Première industrie culturelle mondiale, le jeu vidéo représente un chiffre d’affaires de 190 milliards d’euros. En France, le secteur pèse 6 milliards d’euros et 10 000 emplois directs pour 30 millions de joueurs réguliers. « On a 51 % de joueur homme et 49 % de femmes, donc, on est quasiment à la parité […] Dans la génération Z, pour la première fois, nous avons 55 % de filles pour 45 % d’hommes dans la génération des 16-30 ans », a expliqué Nicolas Vignolles, délégué général du Syndicat des éditeurs de logiciels de loisir (SELL) auditionné par la délégation aux droits des femmes du Sénat.

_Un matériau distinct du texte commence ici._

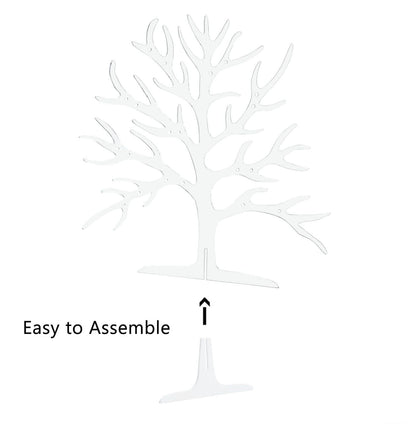 11"H Tree Shaped Earring Jewelry Counter Display Stand 10 Pairs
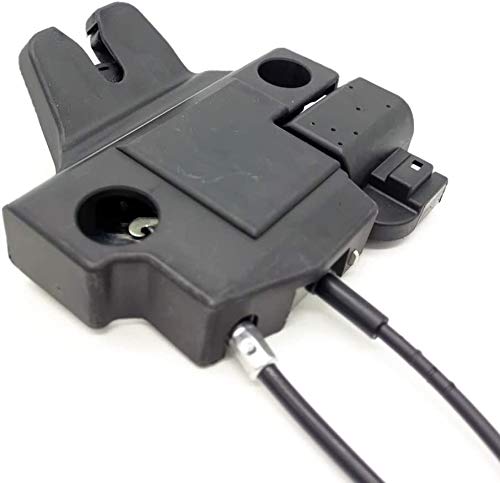 Trunk Lid Door Lock Latch Actuator (With Lock Cable) For Lexus 2008-2014 Is F 2006-2013 Is250 Is350 Replaces Oem 64600-53060 72089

La délégation organisait ce jeudi une première table ronde sur le jeu vidéo et le paradoxe qui marque cette industrie. Si les femmes sont désormais majoritaires parmi les utilisateurs, elles ne représentent que 20 % des effectifs du secteur. Une proportion qui tombe à 6 % dans les métiers techniques et 14 % dans les postes de direction, a rappelé la présidente de la délégation aux droits des femmes, Dominique Vérien.
Lors de cette table ronde, le dialogue a parfois viré à l’incompréhension entre les sénatrices de la délégation d’un côté, et de l’autre, Nicolas Vignolles, et Vanessa Kaplan, la déléguée générale du Syndicat national du jeu vidéo, également auditionné.
« Ça veut dire que l’hypersexualisation des personnages va s’atténuer »
Le patron du SELL a commencé à expliquer les raisons de la hausse de la pratique féminine du jeu vidéo. « Ça veut dire qu’il s’est passé quelque chose de souterrain mais de structurel. C’est-à-dire que la narration a attiré des jeunes filles, les environnements de jeux, les chats, n’ont pas dissuadé les jeunes filles […] C’est une super lueur d’espoir », s’est-il félicité avant d’imaginer à l’avenir une volonté de la part des éditeurs de jeux de s’adresser « au public majoritaire ». « Ça veut dire une narration plus complexe, qu’il y aura des héroïnes et pas que des héros, ça veut dire que l’hypersexualisation des personnages aussi bien masculin que féminin va s’atténuer, voir disparaître », imagine-t-il.
De quoi interpeller la sénatrice centriste Annick Billon. « Avec toutes ces filles qui jouent, vous avez senti le besoin de vous adapter. Ça veut dire qu’un certain nombre de stéréotypes, de dégradation de l’image de la femme ne les ont pas dissuadées », relève-t-elle.
« J’ai l’impression qu’on compare avec le porno »
Sa collègue, Olivia Richard (centriste), qui prépare un rapport sur le masculinisme, poursuit faisant un comparatif avec la pornographie, l’objet d’un précédent rapport de la délégation. « Ce n’est pas parce que les filles regardent du porno que le porno est plus light. C’est parce qu’on leur apprend à devenir des objets. Donc je ne suis pas sûr que le fait qu’elles jouent à des jeux vidéo contribue à les rendre plus égalitaires. Je pense que les jeux vidéo faits pour les filles sont plus roses donc on leur apprend que les filles sont roses. Ou alors elles sont hypersexualisées et on leur apprend que les filles sont des poupées »
« J’ai l’impression qu’on compare avec le porno alors qu’on est une industrie aussi respectable que le cinéma. On n’aurait pas idée de dire que les femmes ont adoré ce film parce qu’il y a du rose dans le film », a répondu Nicolas Vignolles. Il assure également que les enfants sont mieux protégés dans l’univers du jeu vidéo grâce à une modération accrue des propos y compris vocaux, que dans d’autres messageries numériques, type TikTok.
« C’est comme au cinéma. Il y a des jeux d’action, des jeux extrêmement poétiques, (ou) des types de jeux qu’on appelle des cosy games avec un rythme plus lent », tente, à son tour, Vanessa Kaplan qui a invité la sénatrice LR Marie Mercier, qui s’est inquiétée de la proportion de jeux violents, à visiter des studios français pour « parler aux gens » qui créent les jeux.
En attendant, la délégation se déplacera prochainement dans l’Yonne à Tonnerre visiter l’école de jeux vidéo, CREASUP Digital.